» **TASK STATEMENT**: What you return must match the listing below line for line, minus its pictures.

» **PROVIDED RECORDS**:

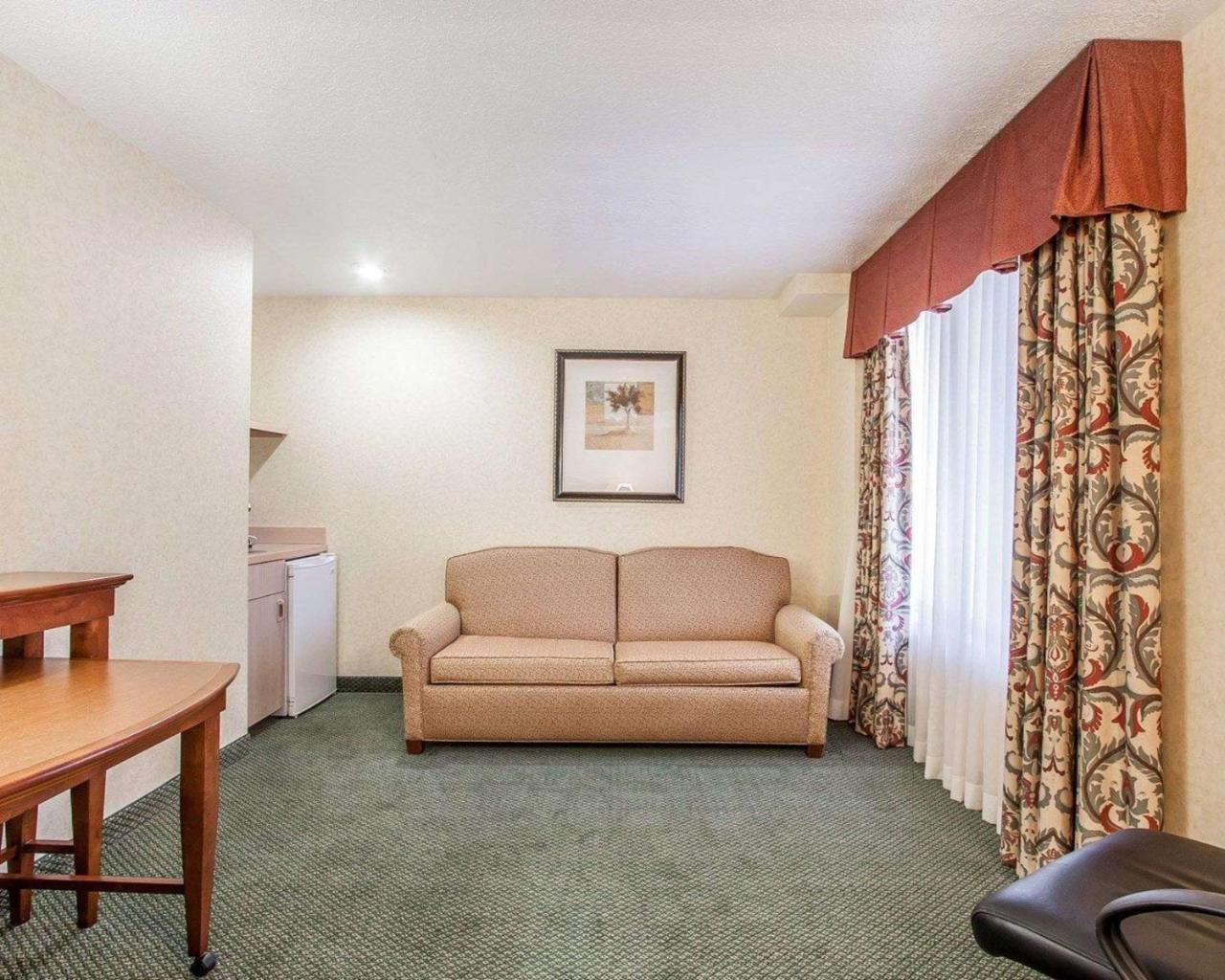 Comfort Inn Conference Center Hillsboro Exterior foto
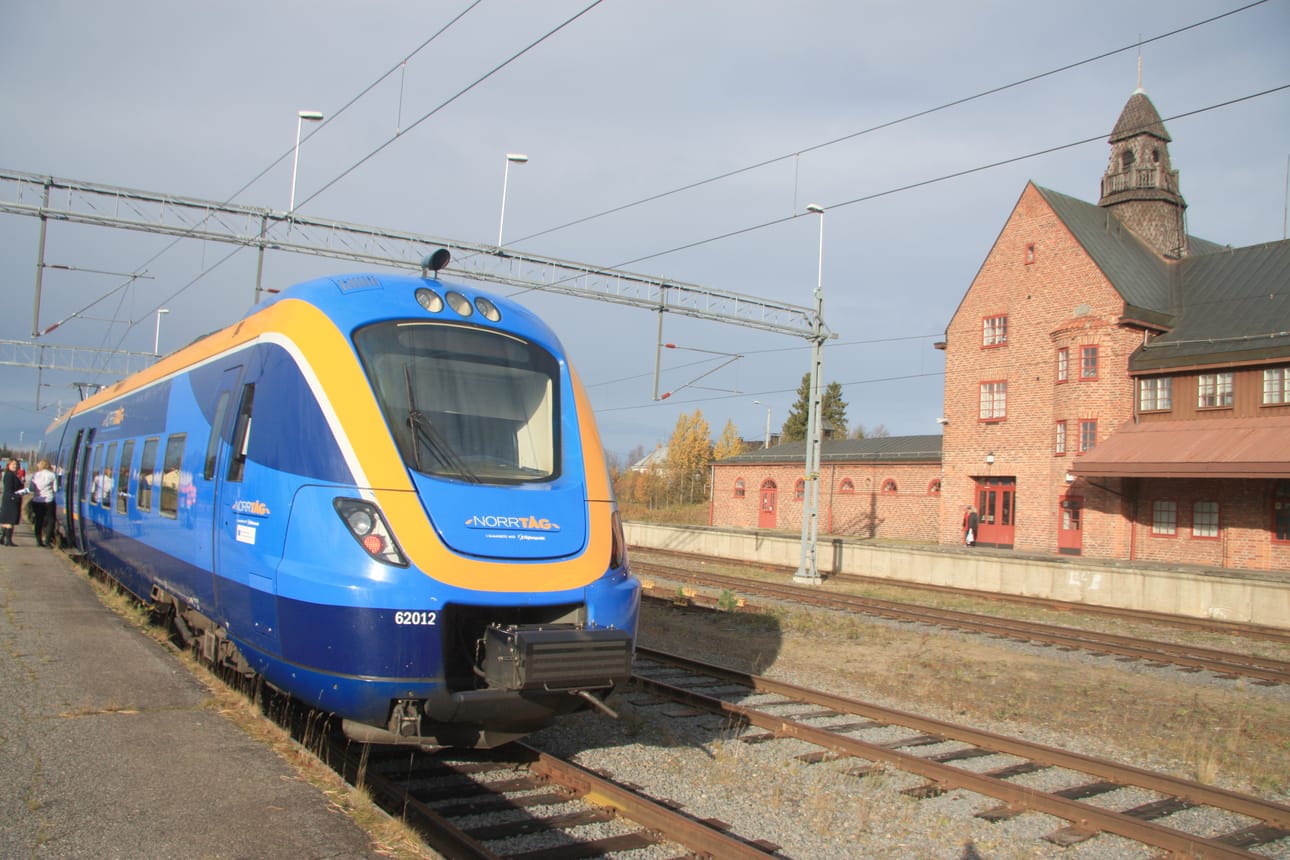 Juna lähdössä Haaparannalta Luulajan suuntaan. Tulevaisuudessa voi olla mahdollista tulla Haaparannalle junalla esimerkiksi Oulusta ja vaihtaa Ruotsin-juniin.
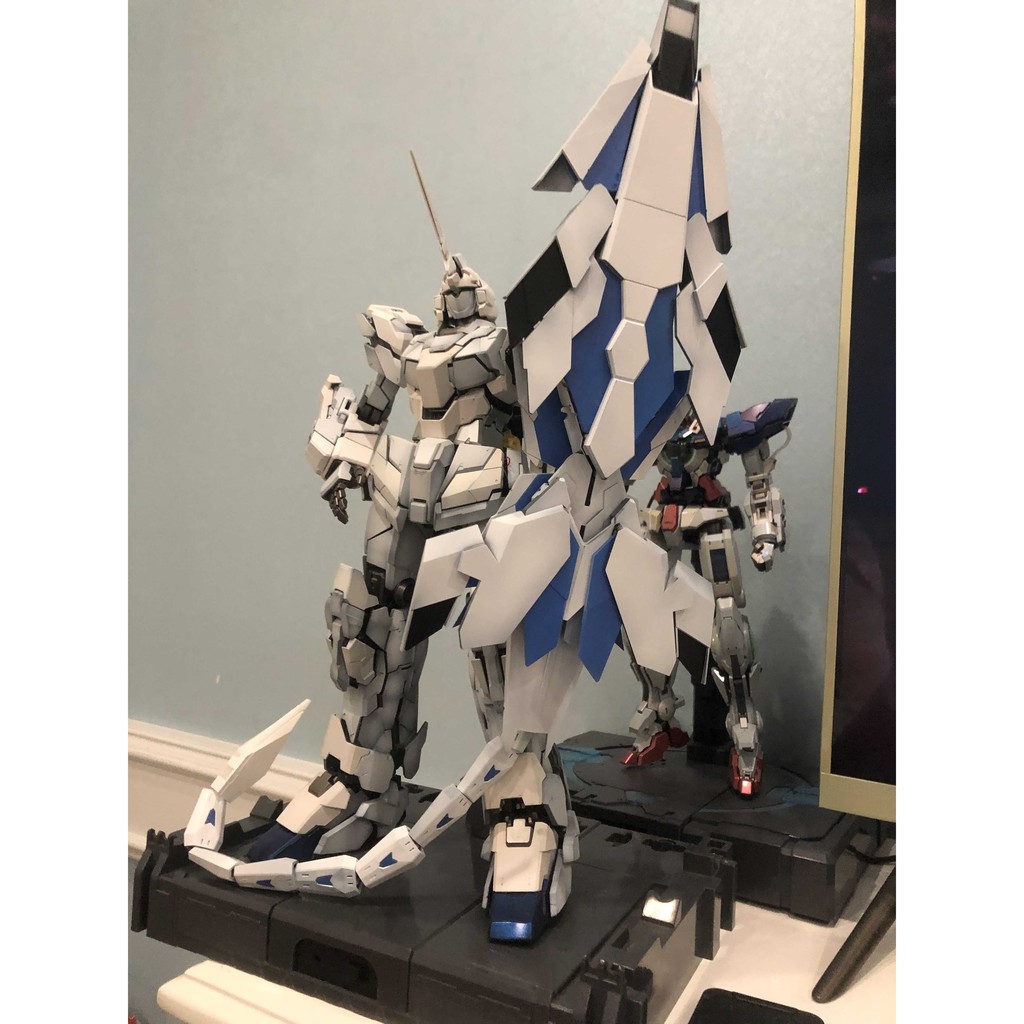 Mô hình phụ kiện khiên Perfect shield NT cho PG Unicorn Banshee Phenex (sp không kèm gundam)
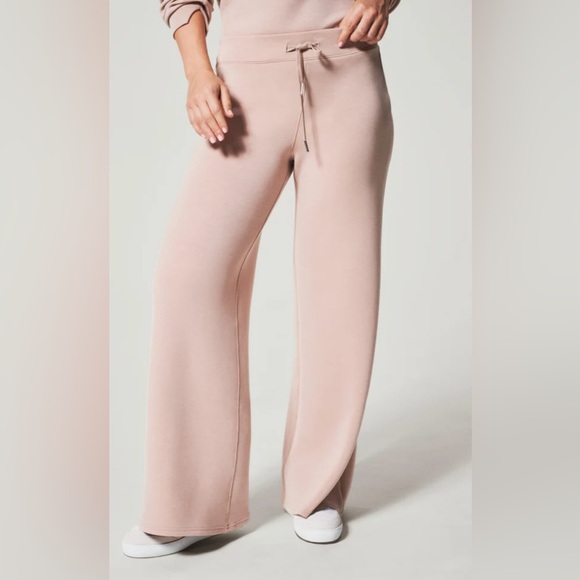 SPANX Pants - NWT! SPANX AirEssentials Wide Leg Pant in Lunar (Tan) / Size Petite L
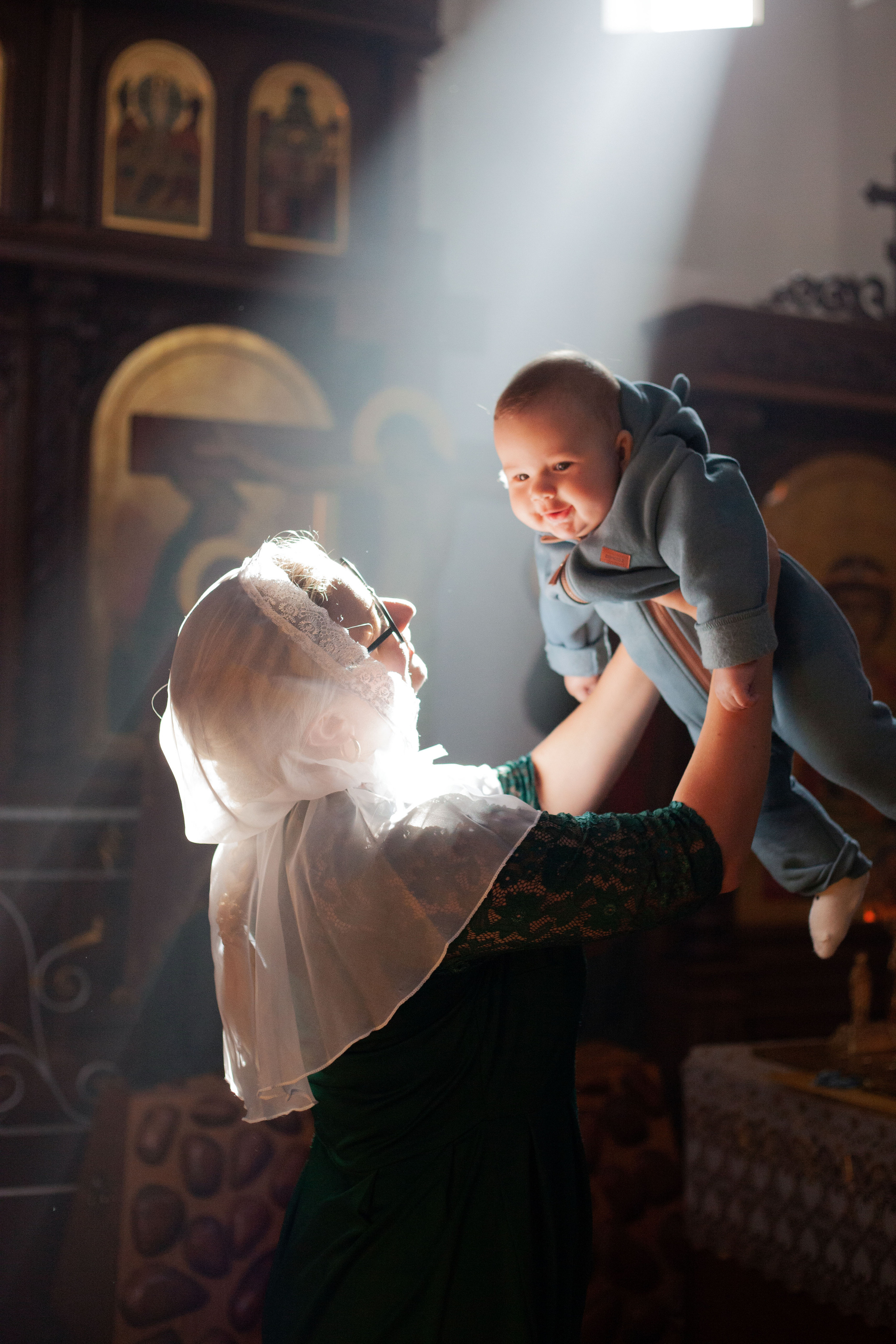 Крещение малыша 6 месяцев. Фотограф видеограф Ольга Василевская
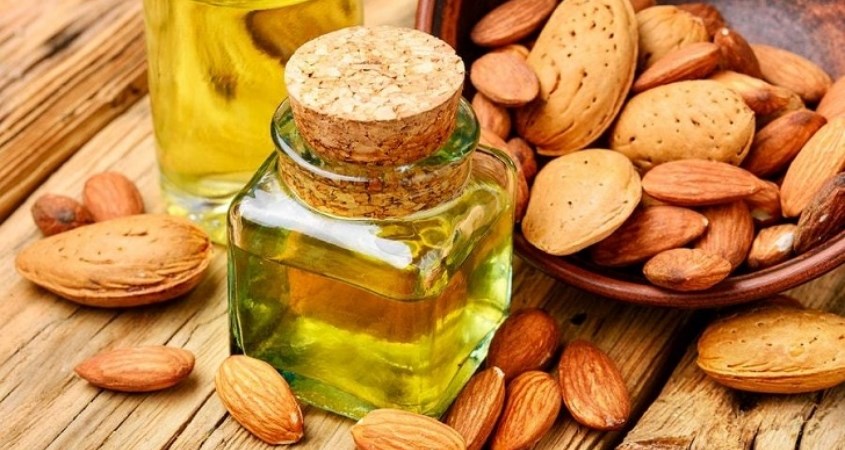 Dầu oliu và dầu hạnh nhân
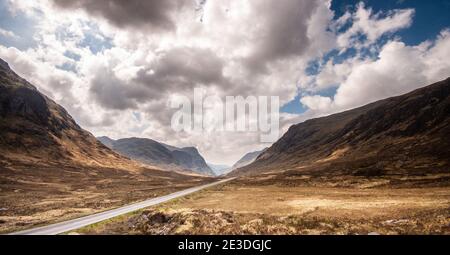 Die A82 Straße folgt einem langen geraden Kurs über Rannoch Moor oberhalb von Glen Coe in den West Highlands von Schottland. Stockfoto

» **ANSWER FOR THIS EXERCISE**:
 Comfort Inn Conference Center Hillsboro Exterior foto
 Juna lähdössä Haaparannalta Luulajan suuntaan. Tulevaisuudessa voi olla mahdollista tulla Haaparannalle junalla esimerkiksi Oulusta ja vaihtaa Ruotsin-juniin.
 Mô hình phụ kiện khiên Perfect shield NT cho PG Unicorn Banshee Phenex (sp không kèm gundam)
 SPANX Pants - NWT! SPANX AirEssentials Wide Leg Pant in Lunar (Tan) / Size Petite L
 Крещение малыша 6 месяцев. Фотограф видеограф Ольга Василевская
 Dầu oliu và dầu hạnh nhân
 Die A82 Straße folgt einem langen geraden Kurs über Rannoch Moor oberhalb von Glen Coe in den West Highlands von Schottland. Stockfoto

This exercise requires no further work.